** EXERCISE DIRECTIONS **
Give again, word for word, every line below from the one that has "Инновационная политика. Государственная" through the one that has "Zhihexing International Youth", both included, and no others.

** EXTRACTED DATA **
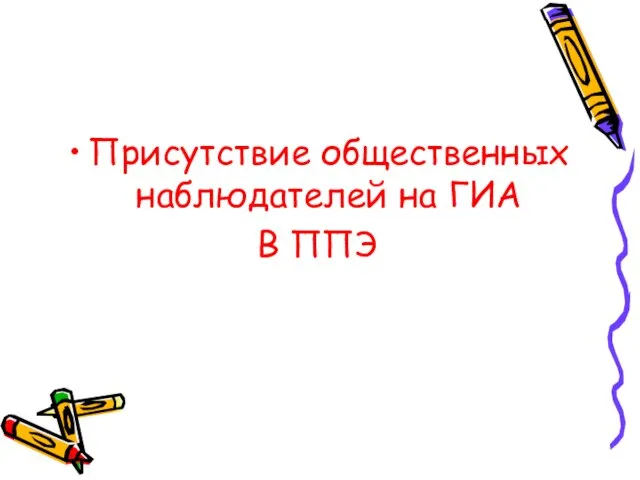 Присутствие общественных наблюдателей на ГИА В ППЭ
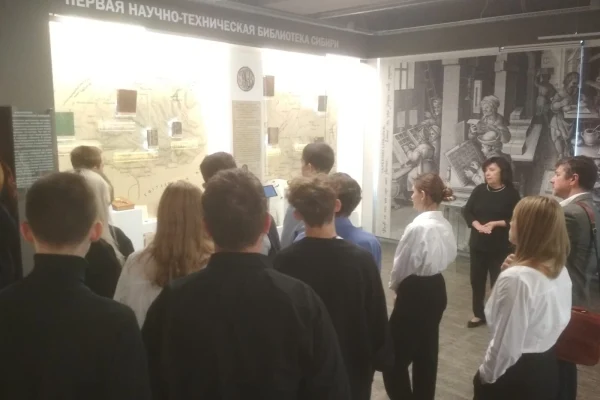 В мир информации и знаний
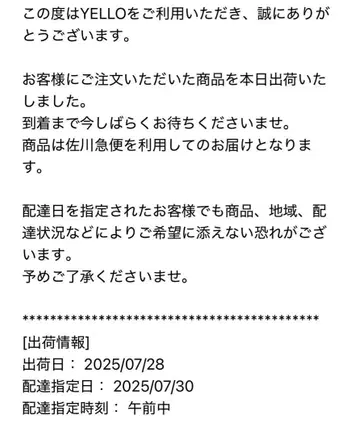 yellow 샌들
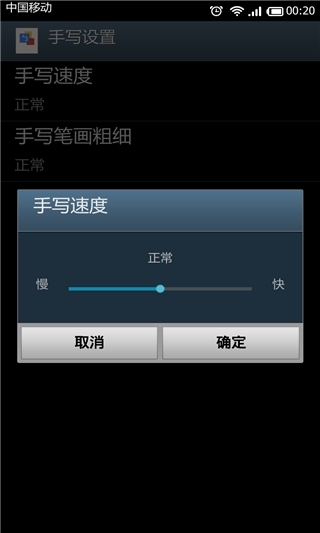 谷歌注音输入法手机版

---

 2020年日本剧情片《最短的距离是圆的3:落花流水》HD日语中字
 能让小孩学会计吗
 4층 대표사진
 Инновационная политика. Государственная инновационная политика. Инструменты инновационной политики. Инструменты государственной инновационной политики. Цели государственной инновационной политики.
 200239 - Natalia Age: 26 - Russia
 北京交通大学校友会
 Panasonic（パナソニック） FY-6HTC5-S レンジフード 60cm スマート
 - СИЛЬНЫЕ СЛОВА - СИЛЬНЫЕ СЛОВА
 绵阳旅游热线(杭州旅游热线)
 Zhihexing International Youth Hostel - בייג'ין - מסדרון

** RESULT OF THIS EXERCISE **
 Инновационная политика. Государственная инновационная политика. Инструменты инновационной политики. Инструменты государственной инновационной политики. Цели государственной инновационной политики.
 200239 - Natalia Age: 26 - Russia
 北京交通大学校友会
 Panasonic（パナソニック） FY-6HTC5-S レンジフード 60cm スマート
 - СИЛЬНЫЕ СЛОВА - СИЛЬНЫЕ СЛОВА
 绵阳旅游热线(杭州旅游热线)
 Zhihexing International Youth Hostel - בייג'ין - מסדרון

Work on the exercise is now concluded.